7- Après cela le pontife prend sur l’autel l’épée nue et la
 pose dans la dextre du récipiendaire en disant:  »Reçoit ce glaive
 au nom du Père et du fils et du Saint-Esprit et sers-t’en pour ta
 propre défense, pour celle de la sainte Église de Dieu, pour la
 confusion des ennemis de la Croix du Christ et de la foi chrétienne
 ainsi que la couronne du royaume de France(ou tel autre). Autant que
 l’humaine fragilité te le permettra, ne blesse personne
 injustement avec lui. Qu’il daigne t’accorder cela, Celui qui
 vit et règne avec le Père et le Saint-Esprit dans les siècles des
 siècles  » On répond  »Amen » 

8- Ensuite, l’épée ayant été remise au fourreau, le pontife ceint
 le récipiendaire de l’épée avec son fourreau, et l’en ceignant
 il dit:  »Sois ceint de ton glaive sur ta cuisse, ô toi qui es
 tout puissant dans le nom de notre Seigneur Jésus-Christ, mais sois
 attentif au fait que ce n’est pas par le glaive, mais par la foi,
 que les saints ont vaincu les royaumes  » 

9- Ceint donc de l’épée, le nouveau chevalier la sort du fourreau
 et, dégainée, il la brandit trois fois dans sa main de façon virile,
 puis il l’essuie sur son bras et la rengaine. 

10- Cela fait, le pontife, distinguant ce nouveau chevalier à son
 caractère militaire, lui donne le baiser de la paix en disant:  »
 sois un soldat pacifique, actif, fidèle et soumis à Dieu . » 

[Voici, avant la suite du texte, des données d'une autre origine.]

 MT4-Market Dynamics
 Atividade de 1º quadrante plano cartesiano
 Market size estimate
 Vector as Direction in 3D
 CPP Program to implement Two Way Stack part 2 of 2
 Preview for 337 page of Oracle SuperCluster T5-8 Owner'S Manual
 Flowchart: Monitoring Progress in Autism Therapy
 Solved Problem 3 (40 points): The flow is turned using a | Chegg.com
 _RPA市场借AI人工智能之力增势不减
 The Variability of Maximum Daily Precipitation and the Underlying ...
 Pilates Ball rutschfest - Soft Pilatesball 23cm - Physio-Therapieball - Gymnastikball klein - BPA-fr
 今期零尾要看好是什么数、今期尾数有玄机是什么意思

11- Puis il lui donne un léger soufflet en disant:  »Réveille-toi
 du sommeil du mal, et sois vigilant dans la foi en Christ et dans une
 réputation louangeuse  ».  »Amen » 

12- Alors les nobles de l’assistance lui remettent ses éperons, là
 où il est de coutume que cela se fasse, et l’on chante
 l’antienne:  »Ton allure te fait remarquer parmis les fils des
 hommes; ceins ton épée sur ta cuisse, ô toi qui es très puissant.
  » 

13- Oraison :  » Dieu éternel et tout-puissant, répands la grâce de
 ta bénédiction sur ton serviteur N… ici Présent, qui désire
 d’être ceint de cet estoc remarquable (ou : que tu nous a Ordonné
 de ceindre de … ); rends-le confiant dans la force de ta dextre;
 qu’il soit armé Par tes célestes défenses contre toutes les forces
 adverses afin qu’ainsi dans ce siècle il ne soit troublé par
 aucune des tempêtes guerrières. Par le Christ…  » 

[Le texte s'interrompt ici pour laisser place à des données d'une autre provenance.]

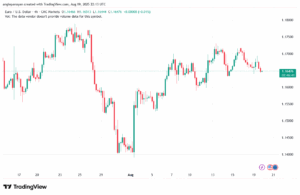 تحليل EURUSD-20-8-2025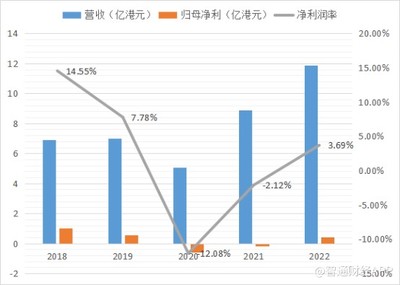 滿貫集團(03390)發布業績盈喜 股價波動或預示網上貿易代理業務新動向
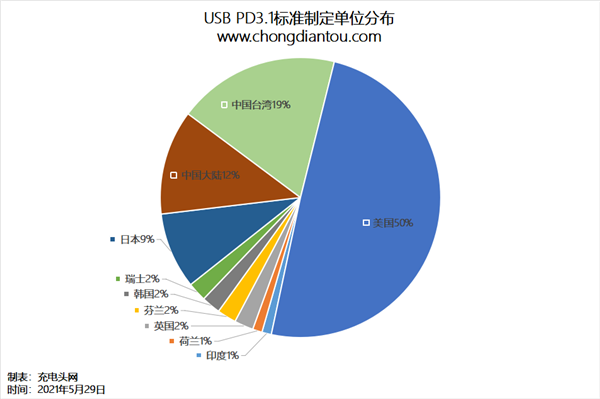 USB快充猛增至240W：10家中國企業做出重大貢獻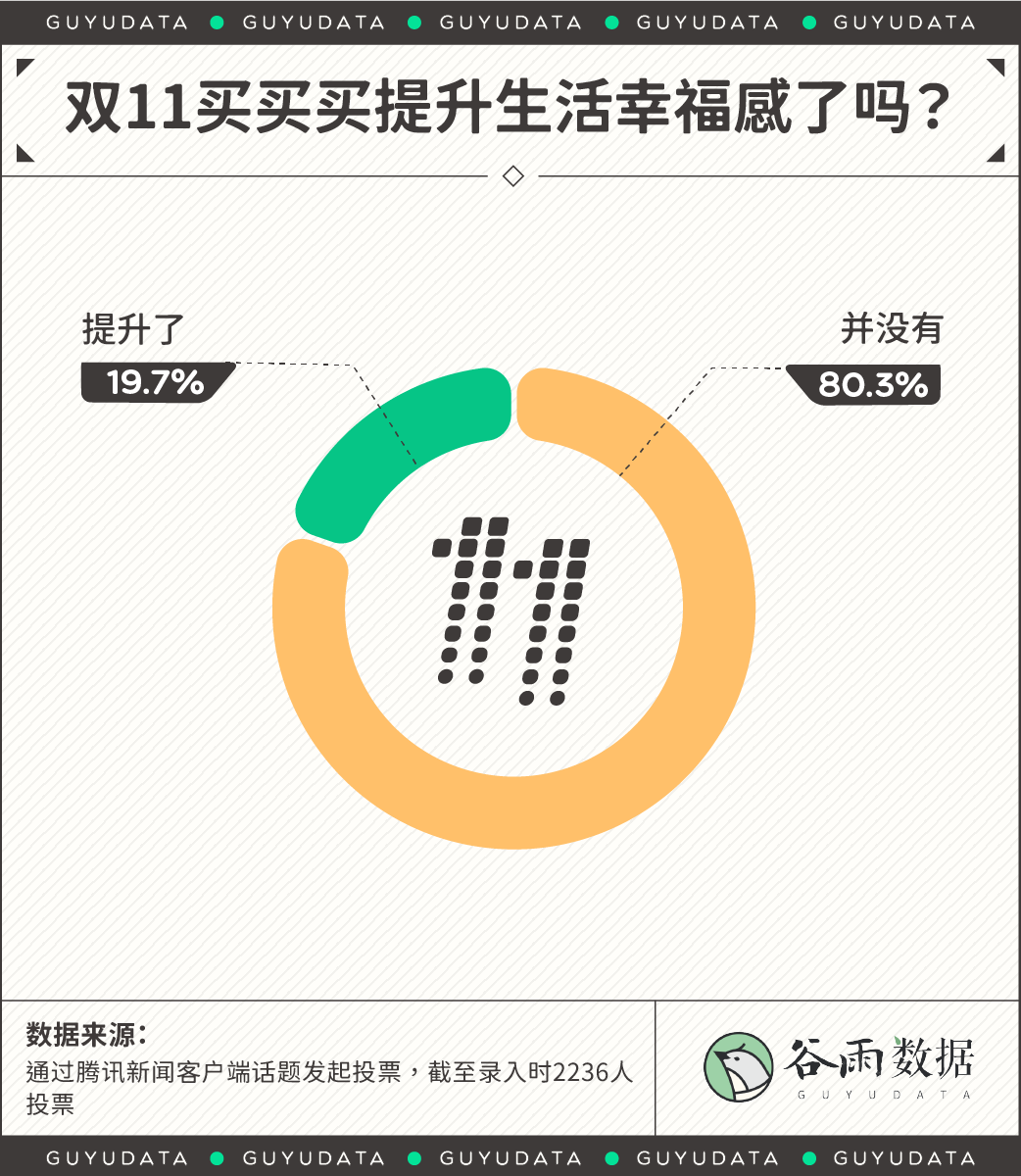 5万网友投票选出了最没用的网红产品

14- Enfin le pontife lui donne son étendard, là où l’on a
 l’habitude de le faire. Pour la bénédiction de cet étendard,
 chercher plus bas, après la bénédiction des armes.

Bénédiction des Armes

1. On fait de la façon suivante la bénédiction des armes et de
 l’étendard de guerre :  » Notre secours est dans le Nom du
 Seigneur… Le Seigneur soit avec vous… Prions.  » Oraison :
  » Que le signe et la bénédiction de Dieu tout-puissant, Père,
 Fils et Saint-Esprit, soit sur ces armes et sur celui qui les revêt.
 Qu’il les revête Pour protéger la justice. Nous te demandons,
 Seigneur Dieu, de le protéger et de le défendre, toi qui vis pour les
 siècles des siècles.  » On répond :  » Amen.  » 

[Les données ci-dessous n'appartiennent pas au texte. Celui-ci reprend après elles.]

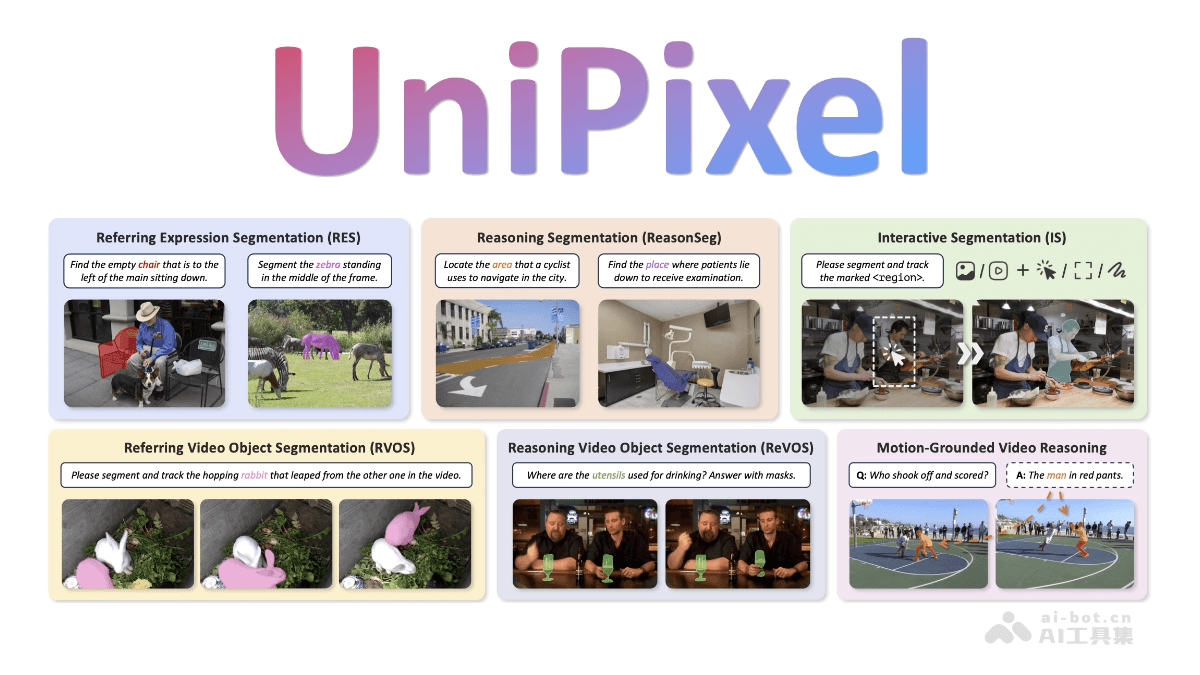 UniPixel— 香港理工联合腾讯推出的像素级多模态大模型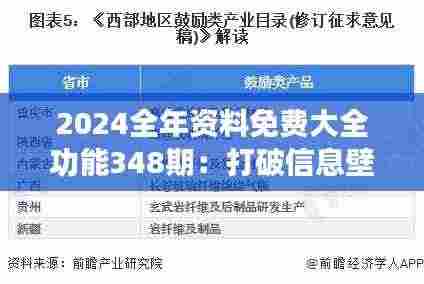 2024全年资料免费大全功能348期:打破信息壁垒,推动知识共享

2. Oraison :  » Dieu tout-puissant, en la main de qui se trouve
 toute pleine victoire, toi qui as même accordé des forces miraculeuses
 à David pour mettre hors de combat le rebelle Goliath, dans notre
 humble prière nous implorons ta clémence afin que par une Piété
 sanctificatrice tu daignes bénir ces armes. Accorde à ton serviteur
 N…. qui désire porter ces mêmes armes, de s’en servir librement
 et victorieusement pour la protection et la défense de notre Sainte
 Mère l’Église, des orphelins et des veuves, contre l’assaut
 des ennemis visibles et invisibles. Par le Christ…  » On répond
  » Amen.  » 

3. Bénédiction du glaive.  » Daigne bénir, nous t’en prions,
 Seigneur, ces épées et tes serviteurs que voici, qui sous ton
 inspiration désirent s’en charger, que leur piété pour toi leur
 soit un rempart et les garde sans blessure. Par le Christ ….  »
 On répond  » Amen.  » 

4. Bénédiction de l’étendard de guerre. Oraison :  » Dieu
 tout-puissant et éternel, qui es la bénédiction et la force de tous
 ceux qui triomphent, jette un regard propice sur nos humbles prières
 et, de ta céleste bénédiction, sanctifier cet étendard qui a été
 préparé pour servir à la guerre; qu’il soit fort contre les
 nations ennemies et rebelles et qu’il soit entouré du rempart de
 ta protection; qu’il soit terrible aux ennemis du peuple chrétien;
 qu’il soit assurance et confiance dans leur victoire certaine pour
 ceux qui mettent en toi leur foi. Tu es, Dieu, celui qui détruit les
 guerres et tu accordes le secours de ta céleste protection à ceux qui
 mettent en toi leur espoir. Par le Christ…  » On répond :  »
 Amen.  » 

5. Enfin il l’asperge avec l’eau bénite. 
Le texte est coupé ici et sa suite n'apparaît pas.